A less-talked about challenge in cybersecurity is managing multiple alert queues. While the volume of alerts is acknowledged as an issue, an important step toward simplifying day-to-day life for security analysts is to consolidate alerts into a single queue. This is why security orchestration, automation, and response (SOAR) tools must offer native case management. When a SOAR security tool can offer robust case management capabilities, customers only have to work out of one platform, rather than half-a-dozen or more.
The importance of case management is well understood by the enterprises we work with. In fact, we’ve collected examples from real-world RFPs written by enterprise SOAR buyers, listed them below, and added examples of how the case management capabilities within Smart SOAR can meet their requirements.
Customer Requirement: Ability to triage and dismiss alerts within the system before creating them as a new case.
This is a unique request that many users do not consider right away, but an effective SOAR tool should be able to reduce the size of an analyst’s alert queue as well as consolidate it. With D3’s two-tiered automation design, events can be dismissed or correlated to existing cases before a new one is created.
Customer Requirement: Generate cases with prebuilt tasks corresponding to workflows defined in playbooks.
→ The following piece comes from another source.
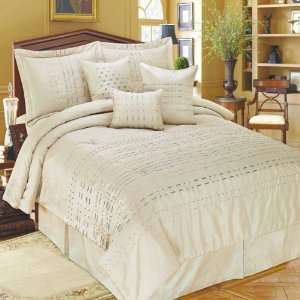  Metro King Champagne Embroidered 7 Piece Comforter Set 
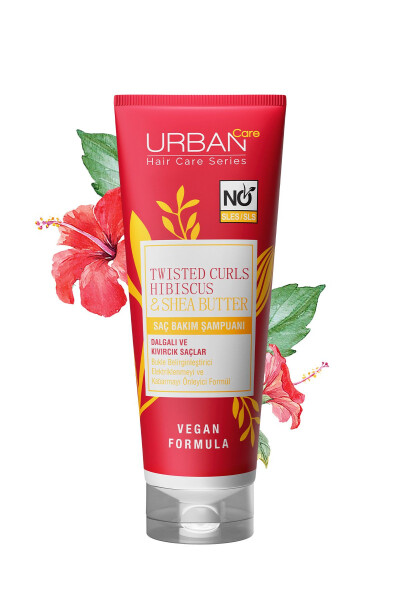 Hibiscus & Shea yog'i burmali va to'lqinli sochlar uchun shampun - sulfatsiz - 250ml - 12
In Smart SOAR, all cases are assigned an Incident Type that determines which automated and manual tasks are included in the case. For example, here is a Brute Force incident with two pending tasks, both due in an hour:
Customer Requirement: Ability to ingest alerts from multiple data sources.
Within D3 Smart SOAR, there are hundreds of out-of-the-box integrations. Many are for data sources that are common to cybersecurity teams, such as Microsoft Sentinel, Office 365, and CrowdStrike. Integrations that have alerts required for ingestion have a task called a Fetch Event task. These tasks can be run on a schedule to query the data source for new alerts. Here, you can see a series of runs checking Office 365 for new suspicious emails:
Alternatively, alerts can be pushed to endpoints within D3 via webhook. Here is a record of three alerts pushed to D3 within the span of three hours:
Either way, all alerts are consolidated into a single queue for straightforward tracking and navigation.
Customer Requirement: Ability to manually create cases when needed.
Not all cases are created automatically using a scheduled fetch event command or a webhook. Some are created directly from within Smart SOAR. A user just defines the site to store the incident within, the incident type, the severity, playbook, owner, and timezone. Fields like title, description, and due date can be filled in afterwards:
Customer Requirement: Ability to correlate multiple alerts into a single case.
Within Smart SOAR, users can define specific correlation logic such as common hostnames, username, or time of occurrence. This correlation can execute automatically or can happen on-the-fly by analysts as they are reviewing a case.
Customer Requirement: Ability to add case-related artifacts, indicators of compromise, or observables (such as IP address, url/domain, file hash, email address, etc.) to cases.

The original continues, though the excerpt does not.